Selain penegakan hukum, ia berharap adanya penguatan literasi digital agar masyarakat memahami bahaya penyalahgunaan AI serta menggunakan teknologi untuk kemajuan bangsa, bukan sebagai alat intimidasi.

Berdasarkan laporan dari detikKalimantan, kasus ini terungkap ketika pelaku sedang mengikuti kegiatan praktikum mata kuliah Sistematika Mikroba di kampusnya pada pekan lalu.

Salah satu korban berinisial S menceritakan bahwa rahasia RY terbongkar saat seorang rekan meminjam ponsel pelaku untuk keperluan dokumentasi kegiatan praktikum tersebut.

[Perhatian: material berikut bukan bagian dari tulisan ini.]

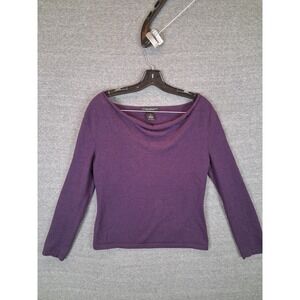 Elena Solano Womens Sweater 100% Merino Wool Purple Roll Neck Stretch Cozy Soft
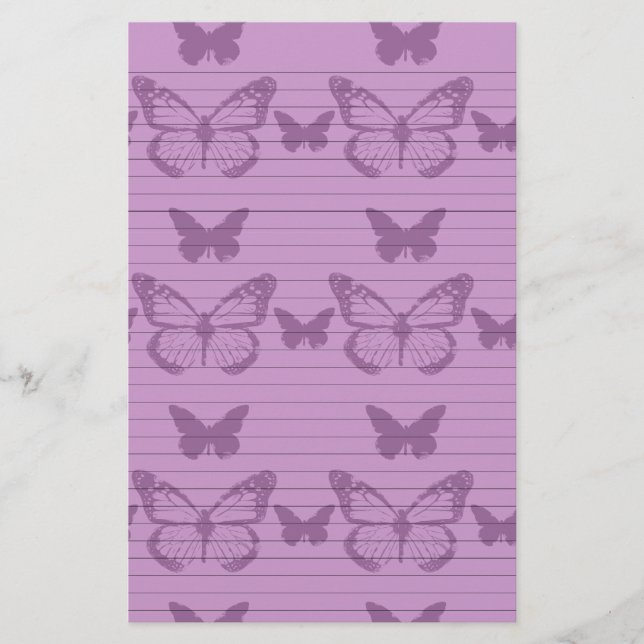 Papelería Mariposas púrpuras (Anverso)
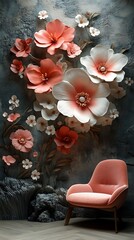 3D floral wall elegant interior decor high resolution hd picture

Saat memeriksa galeri foto untuk mengecek hasil potret praktikum, rekan tersebut menemukan tumpukan foto perempuan yang mereka kenal dalam kondisi tidak senonoh akibat manipulasi digital.

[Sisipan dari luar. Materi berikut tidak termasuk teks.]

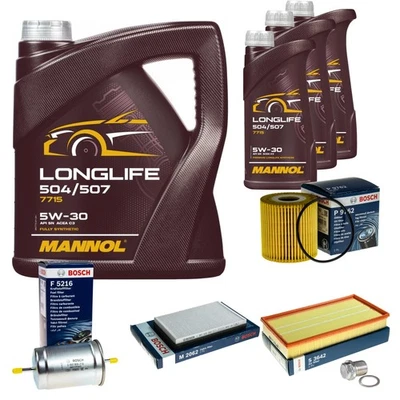 Bosch Inspección Set 8L mannol 5W-30 Longlife para Volvo V70 I 2.4 S70 - Imagen 1 de 4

"Pas buka galeri, temannya heran kok banyak muka orang yang dia kenal. Pas dicek ternyata banyak sekali foto-foto tidak senonoh yang sudah diedit pelaku," katanya.

Kabar mengenai temuan foto-foto tersebut kemudian menyebar cepat di lingkungan kampus melalui media sosial serta grup percakapan mahasiswa beberapa hari setelah kejadian.

S mengungkapkan bahwa korban dari aksi RY mencakup teman SMA hingga rekan satu jurusan di perkuliahan, bahkan terdapat foto pacar pelaku yang dimanipulasi sedemikian rupa.

Langkah Tegas Universitas Tanjungpura

Pihak Universitas Tanjungpura melalui Satuan Tugas Pencegahan dan Penanganan Kekerasan di Perguruan Tinggi (Satgas PPKPT) mengonfirmasi bahwa kasus ini telah masuk dalam tahap penanganan resmi.

Ketua Satgas PPKPT Untan, Emilya Kalsum, memastikan bahwa proses investigasi sedang berjalan untuk menindaklanjuti laporan penyalahgunaan teknologi tersebut.

"Sudah ditangani dan sedang dalam proses," kata Ketua Satgas PPKPT Untan, Emilya Kalsum.

Sebagai langkah awal, Satgas PPKPT telah berkoordinasi dengan pimpinan fakultas tempat RY bernaung untuk menonaktifkan status perkuliahan mahasiswa yang bersangkutan secara sementara.

Kebijakan ini diambil untuk menjamin kelancaran proses pemeriksaan sekaligus memastikan lingkungan kampus tetap menjadi ruang yang aman bagi para korban selama proses hukum berlangsung.

"Dalam rangka pelaksanaan proses investigasi serta penciptaan ruang aman bagi korban dan terlapor, Satgas PPKPT Untan telah memberikan arahan kepada pimpinan fakultas agar menghentikan sementara perkuliahan," kata Emilya.